Anyways i'm off, time to pound as much alcohal as possible to prevent hypothermia. GO BUCKS
The only reason people get lost in thought is because it's unfamiliar territory.
I really dont see what the problem is....Is it because you whant him to be at your becking call? Fill me in here.....Sure you are friend's, but does that mean he has to do every thing YOU think is the right thing to do? Im not trying to sound like an azz hole....But its just a game ! And if you two are gonna be friend's for ever , then he will come around , and alll will work out in the end.
I really don't see the problem. But that's because they're all friends (their girlfriends are in the same sorority) so they do everything together, and they all like me and introduce me to their friends (I'm working on one right now but no progress will be made until the new year cuz of break).
I understand what you are saying.....I too was young once But to make such a huge thing out of nothing is welll........Just childish! JMO. All will work out in the end, And will be meaningless in the end.
Quote: I really dont see what the problem is....Is it because you whant him to be at your becking call? Fill me in here.....
He said in his original post, that this is one of about 5 things this group does in the course of a year. I would hardly call that being at his beck and call.

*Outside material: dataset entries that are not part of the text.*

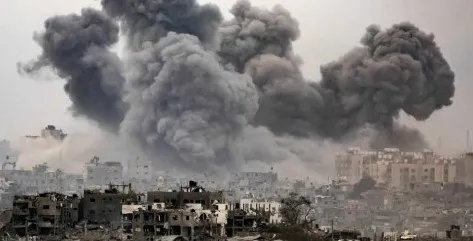 حرب غزة: قتلى للجيش الاسرائيلي ومجزرة في جباليا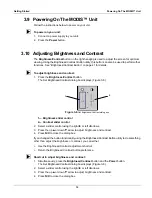 Preview for 22 page of Snap-On MODIS User Manual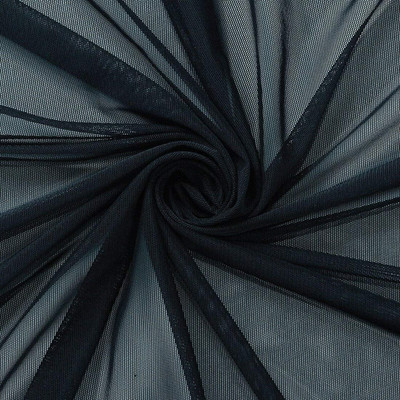 Kcollectionk Net/Lace Solid Multi-purpose Fabric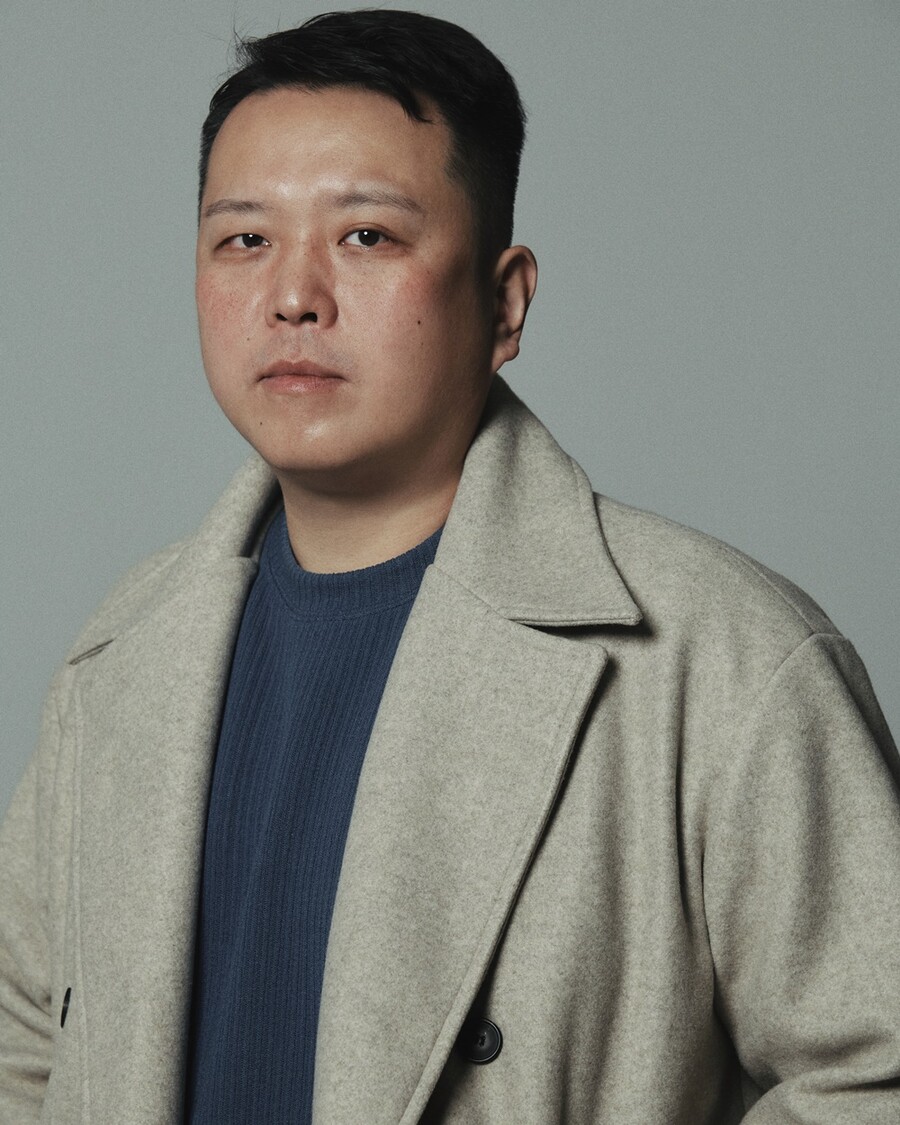 '살인자ㅇ난감' 감독 "손석구 닮은 아역 실존 인물 아냐, CG로 만들었다"[인터뷰②]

that water was freezing and there weren't as many people out tonight as i thought, but it was still a great time, we called him and he regretted not coming, but hey we aren't going to let it ruin the weekend, just wish he could have been here
The only reason people get lost in thought is because it's unfamiliar territory.
No problem, reading comprehension is a lost art these days. I always read at a level higher than the grade I was in while in school. My daughter is like me and the wife that way, I'm really proud of her for that. She does well in other subjects also, but reading is the key. If you can read & comprehend, you can do anything.
Glad you're weekend is going good. Hopefully your friend will realize that a woman isn't the only important relationship to have. When he does take him back, but be sure to ride the hell out of him for being whipped.